東雲駅の途中から下り勾配となったりんかい線は駅を出てもそのまま下り続け、都道304号と交差する直前で地下(東臨トンネル)に入る。前回までに新木場駅から東雲駅にかけての高架橋は運河・道路を跨ぐ一部の橋梁を除いて京葉線用として建設されたものであることを示したが、東雲駅から先の構造物はどうなのだろうか?

結論から先に言ってしまおう。

東雲駅から国際展示場駅の先(有明西運河)までの構造物は、そのほとんどが当初からりんかい線用として新規に建設された構造物であり、京葉線として計画された当時には存在しなかったのである。上記の参考文献2つにそう書いてあると言えば済んでしまう話であるが、ここは当ブログの定番である航空写真でより詳しく検証することとしたい。

東雲~国際展示場間の1989年の航空写真
東雲~国際展示場間の1989年の航空写真 ※クリックで拡大(900*649px/305KB)
(C)国土交通省 国土情報ウェブマッピングシステムカラー空中写真データより抜粋

上の写真は1989(平成元)年に撮影された現在の東雲駅から国際展示場駅に相当する範囲の航空写真である。現在とは全く違う風景のため色々と当惑させられると思うが、順を追って比較をすると画面下は現在東京ビッグサイトが建っている敷地である。当時はようやく埋め立て後の整地が完了した程度で一面の更地となっており、周辺道路の形状も現在とは異なっていた。現在は首都高速湾岸線と直交する形で合流している10号晴海線などは当然のことながら影も形も無い。また、ビッグサイト予定地右側の岸壁も現在とは大幅に位置が異なっており、現在に至るまでの間にさらに追加で埋め立てが行われ、相当な地形の改変を受けていることがわかる。
そして、肝心のりんかい線の構造物はどうだろうか?右上の国道357号線の下に並行する細い高架橋がそれであるが、東雲駅予定地の左側で晴海通り(都道304号線)と交差した後150mほど進んだところ(「?」とつけた矢印の先)で何と唐突に途切れてしまっているのである。そこから先はどうやら用地だけは確保したようであるが、京葉線の台場トンネルの文献にあったような上下線でずれたトンネル入口は見当たらず、トンネル本体が建設された痕跡は存在しない。つまり、東雲駅の西側にある東臨トンネル入口から先の構造物は新規に建設されたものなのである。

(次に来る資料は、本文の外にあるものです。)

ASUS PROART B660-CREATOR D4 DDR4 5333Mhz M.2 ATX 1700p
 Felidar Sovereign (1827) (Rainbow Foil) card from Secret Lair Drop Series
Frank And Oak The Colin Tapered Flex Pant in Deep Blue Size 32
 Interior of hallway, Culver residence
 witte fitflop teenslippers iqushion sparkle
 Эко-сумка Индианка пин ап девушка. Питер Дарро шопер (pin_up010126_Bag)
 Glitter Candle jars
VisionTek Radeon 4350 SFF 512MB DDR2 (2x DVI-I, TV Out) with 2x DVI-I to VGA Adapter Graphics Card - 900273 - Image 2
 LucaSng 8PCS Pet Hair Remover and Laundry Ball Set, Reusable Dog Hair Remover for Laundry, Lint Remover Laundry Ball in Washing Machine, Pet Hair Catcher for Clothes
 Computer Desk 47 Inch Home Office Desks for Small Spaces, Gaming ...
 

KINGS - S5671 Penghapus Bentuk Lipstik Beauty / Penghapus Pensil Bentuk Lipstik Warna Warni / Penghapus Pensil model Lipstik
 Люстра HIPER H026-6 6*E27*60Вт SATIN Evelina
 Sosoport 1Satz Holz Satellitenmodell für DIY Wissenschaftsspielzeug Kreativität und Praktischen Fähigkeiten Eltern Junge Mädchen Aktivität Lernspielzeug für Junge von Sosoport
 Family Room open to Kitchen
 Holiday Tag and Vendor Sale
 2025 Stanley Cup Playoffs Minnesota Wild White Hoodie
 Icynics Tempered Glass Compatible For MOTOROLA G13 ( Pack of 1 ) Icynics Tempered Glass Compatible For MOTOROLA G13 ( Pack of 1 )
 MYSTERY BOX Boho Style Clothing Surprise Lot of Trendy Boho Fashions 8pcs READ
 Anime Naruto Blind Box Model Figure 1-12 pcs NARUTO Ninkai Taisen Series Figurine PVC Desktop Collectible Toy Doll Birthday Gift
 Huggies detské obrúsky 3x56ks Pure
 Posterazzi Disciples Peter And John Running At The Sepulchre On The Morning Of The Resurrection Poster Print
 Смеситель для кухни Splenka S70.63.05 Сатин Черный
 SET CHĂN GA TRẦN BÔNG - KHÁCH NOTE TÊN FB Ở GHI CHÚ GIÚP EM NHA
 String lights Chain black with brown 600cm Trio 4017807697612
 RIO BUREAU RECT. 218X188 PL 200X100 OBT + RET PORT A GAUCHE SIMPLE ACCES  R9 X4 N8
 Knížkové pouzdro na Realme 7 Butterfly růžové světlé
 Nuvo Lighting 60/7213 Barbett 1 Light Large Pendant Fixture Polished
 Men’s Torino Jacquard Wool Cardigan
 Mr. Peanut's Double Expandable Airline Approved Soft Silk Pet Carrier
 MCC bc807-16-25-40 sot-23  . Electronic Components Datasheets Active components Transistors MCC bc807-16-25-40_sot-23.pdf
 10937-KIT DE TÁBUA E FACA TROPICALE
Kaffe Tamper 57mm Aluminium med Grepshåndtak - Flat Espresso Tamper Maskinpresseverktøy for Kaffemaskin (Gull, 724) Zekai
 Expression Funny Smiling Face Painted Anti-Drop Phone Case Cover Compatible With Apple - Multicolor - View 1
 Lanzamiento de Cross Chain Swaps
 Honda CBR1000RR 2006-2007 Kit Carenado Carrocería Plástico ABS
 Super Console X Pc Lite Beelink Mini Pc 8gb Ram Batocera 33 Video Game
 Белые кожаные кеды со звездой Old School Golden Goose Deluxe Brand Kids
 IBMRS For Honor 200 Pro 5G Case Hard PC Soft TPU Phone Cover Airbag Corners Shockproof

有明第1トンネル 2km820m~3km100m(L=280m)・有明第2トンネル 3km100m~3km402m(L=302m)

▼参考
臨海副都心線の工事概要 - 建設の機械化1992年12月号3~8ページ
首都圏における新線開業 5、東京臨海高速鉄道臨海副都心線 - 日本鉄道施設協会誌1996年9月号20~31ページ

●概説

より大きな地図で 東京臨海高速鉄道りんかい線東臨トンネル を表示

東雲駅の西側から国際展示場駅までの新規に建設されたトンネルは地下鉄では一般的な2径間の開削トンネル(上下線間に中柱が1本ある箱型トンネル)で、トンネル坑口は新木場駅起点2km820mの地点にあり、新木場側約280mが「有明第1トンネル」、国際展示場駅までの残り約300mが「有明第2トンネル」という名称となっている。トンネルと既設の高架橋との擦り付け区間コンクリートの桁橋や盛土高架を併用している。勾配は京葉線時代に連続10パーミルの下り勾配で計画されていた区間に国際展示場駅を追加することになり、駅設置に必要な緩勾配区間※1を確保する必要があったことや、走行する列車が高性能の電車列車中心であることから、前述の高架橋との擦り付け区間から有明第1トンネルの終点までが15パーミル、有明第2トンネルが5パーミルの下り勾配となっている。トンネルの建設は一般的な鋼矢板や鋼管杭などの土留め壁で掘削範囲を仕切り、その内部を掘削するという手法で取られたが、工事終了後は周辺地盤の沈下からトンネルを保護するため地表に近い部分を除いて土留め壁を存置している。
なお、有明第1トンネルはその構造体のほとんどが地表に露出しており、事実上騒音防止のためのシェルターとして機能しているが、これは当初の開発計画で原地盤よりも相当に高く盛土を行う予定となっており、将来的に構造物全体が盛土の中に埋設されるという前提の下建設されたためである。

▼脚注
※1:一般に停車場(駅)構内の勾配は5パーミル以下にすることが規定されている。これに合致しない停車場では車両が自然に動き出すことによる事故を防止するため車両の留置・分割併合を禁止したり、車両のブレーキ性能に特別な制約が設けられる。



●現地写真
晴海通り(都道304号)を跨ぐ東雲架道橋。 下り列車の前面展望。東雲駅の先は半径1000mのカーブとなっている。 東雲架道橋の先はトンネルへ向けて10パーミルの下り勾配となっている。
左:晴海通り(都道304号)を跨ぐ東雲架道橋。
中:下り列車の前面展望。東雲駅の先は半径1000mのカーブとなっている。
右:東雲架道橋の先はトンネルへ向けて10パーミルの下り勾配となっている。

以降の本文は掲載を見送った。